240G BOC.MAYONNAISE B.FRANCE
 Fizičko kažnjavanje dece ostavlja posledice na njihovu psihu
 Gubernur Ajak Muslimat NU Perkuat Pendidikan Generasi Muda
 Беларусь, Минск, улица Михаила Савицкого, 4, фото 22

## WHAT IS BEING ASKED
Once more, write out all the data above exactly as given.

## WRITTEN RESPONSE
240G BOC.MAYONNAISE B.FRANCE
 Fizičko kažnjavanje dece ostavlja posledice na njihovu psihu
 Gubernur Ajak Muslimat NU Perkuat Pendidikan Generasi Muda
 Беларусь, Минск, улица Михаила Савицкого, 4, фото 22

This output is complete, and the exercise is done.